It's 2003, you are 16, and you are in your maths tuition. You’ve claimed your place in the middle of the side-bench and resumed whatever nonsense it is that keeps you laughing like a maniac through those years, and which cement your reputation as an obnoxious, loud troublemaker. You are having the time of your life when in walks a girl who stuns you, and the entire room, into silence.
You are smitten. Your friends notice, they tease you.
You don't know that a year later, you'll hold her hand as you walk through a Pondicherry evening.
But for now, you are just quiet.
The blackboard has trigonometry on it, which you are good at. What you aren’t good at is differential equations. You hate those. But those come later.
Your red bicycle is outside; you'll have bhel puri on the way home, to watch World's Most Amazing Videos on AXN at 8.
Dinner is mom's delicious fish curry with dosas, and you tease your little sister for a bit before your old man whacks you.
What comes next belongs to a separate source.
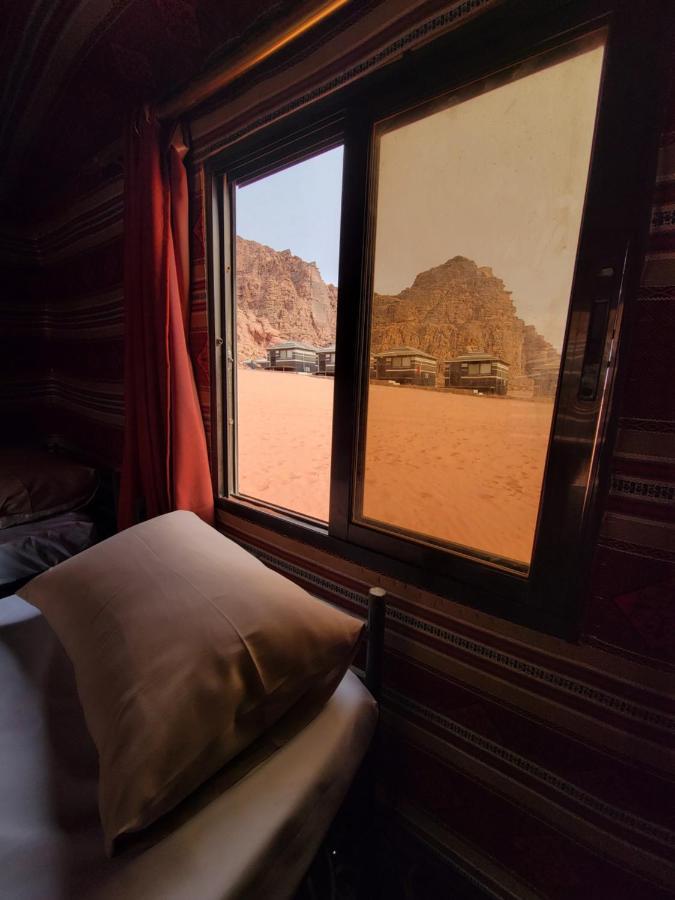 Wadi Rum Fig Tree Camp 外观 照片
You are reading Michael Crichton’s Timeline, a weird time-travel book which you love because you are a bit of a nerd and there’s a lot of shit in it that sounds like science.
There’s a match tomorrow and you make a mental note not to go to your slower delivery early in your over. It tends to get hit. But if you get it right on the 4th or 5th delivery, you are in with a good chance of hitting the stumps.
The book sags, and as you nod off, you think of her.
Life is good. For a while, at least.
Written in December 2019.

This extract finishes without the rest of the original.